Please give back word for word the lines of the material below between the line containing "Velvet Everyday Pouch" and the line containing "Biała figurka ceramiczna", inclusive.
Top of MATERIAL TO PROCESS
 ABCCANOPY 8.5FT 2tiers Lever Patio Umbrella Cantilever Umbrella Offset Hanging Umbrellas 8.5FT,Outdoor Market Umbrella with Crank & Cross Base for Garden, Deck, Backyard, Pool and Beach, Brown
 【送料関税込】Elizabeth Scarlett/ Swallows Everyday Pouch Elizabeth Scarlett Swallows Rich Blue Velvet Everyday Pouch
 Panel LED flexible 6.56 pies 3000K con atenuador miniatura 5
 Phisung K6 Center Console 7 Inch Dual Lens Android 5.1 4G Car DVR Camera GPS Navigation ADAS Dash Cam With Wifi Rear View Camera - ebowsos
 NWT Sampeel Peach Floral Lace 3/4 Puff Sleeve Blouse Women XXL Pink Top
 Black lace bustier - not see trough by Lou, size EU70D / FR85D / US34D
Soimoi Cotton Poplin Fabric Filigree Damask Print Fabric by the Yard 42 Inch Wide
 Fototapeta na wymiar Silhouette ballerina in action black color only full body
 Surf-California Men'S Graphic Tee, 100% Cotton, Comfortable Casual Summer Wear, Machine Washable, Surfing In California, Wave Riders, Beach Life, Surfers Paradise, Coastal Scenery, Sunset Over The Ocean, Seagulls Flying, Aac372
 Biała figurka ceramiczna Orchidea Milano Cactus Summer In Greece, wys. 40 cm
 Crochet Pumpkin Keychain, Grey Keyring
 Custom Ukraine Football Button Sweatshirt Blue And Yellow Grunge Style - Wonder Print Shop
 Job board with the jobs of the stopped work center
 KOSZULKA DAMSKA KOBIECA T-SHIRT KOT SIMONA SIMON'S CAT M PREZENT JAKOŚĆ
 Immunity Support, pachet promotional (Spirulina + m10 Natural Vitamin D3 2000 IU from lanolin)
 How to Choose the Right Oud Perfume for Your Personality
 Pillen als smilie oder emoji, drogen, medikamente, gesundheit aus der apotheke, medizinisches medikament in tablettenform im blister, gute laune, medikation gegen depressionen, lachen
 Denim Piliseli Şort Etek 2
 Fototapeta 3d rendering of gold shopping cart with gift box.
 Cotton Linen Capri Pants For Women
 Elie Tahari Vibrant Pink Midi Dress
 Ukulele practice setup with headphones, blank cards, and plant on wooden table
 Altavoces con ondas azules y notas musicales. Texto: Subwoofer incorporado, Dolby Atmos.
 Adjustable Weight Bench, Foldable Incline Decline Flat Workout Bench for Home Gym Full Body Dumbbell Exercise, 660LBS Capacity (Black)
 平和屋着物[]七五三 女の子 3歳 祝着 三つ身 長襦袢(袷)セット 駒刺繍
Bottom of MATERIAL TO PROCESS
> _RESPONSE TO THE EXERCISE_
 【送料関税込】Elizabeth Scarlett/ Swallows Everyday Pouch Elizabeth Scarlett Swallows Rich Blue Velvet Everyday Pouch
 Panel LED flexible 6.56 pies 3000K con atenuador miniatura 5
 Phisung K6 Center Console 7 Inch Dual Lens Android 5.1 4G Car DVR Camera GPS Navigation ADAS Dash Cam With Wifi Rear View Camera - ebowsos
 NWT Sampeel Peach Floral Lace 3/4 Puff Sleeve Blouse Women XXL Pink Top
 Black lace bustier - not see trough by Lou, size EU70D / FR85D / US34D
Soimoi Cotton Poplin Fabric Filigree Damask Print Fabric by the Yard 42 Inch Wide
 Fototapeta na wymiar Silhouette ballerina in action black color only full body
 Surf-California Men'S Graphic Tee, 100% Cotton, Comfortable Casual Summer Wear, Machine Washable, Surfing In California, Wave Riders, Beach Life, Surfers Paradise, Coastal Scenery, Sunset Over The Ocean, Seagulls Flying, Aac372
 Biała figurka ceramiczna Orchidea Milano Cactus Summer In Greece, wys. 40 cm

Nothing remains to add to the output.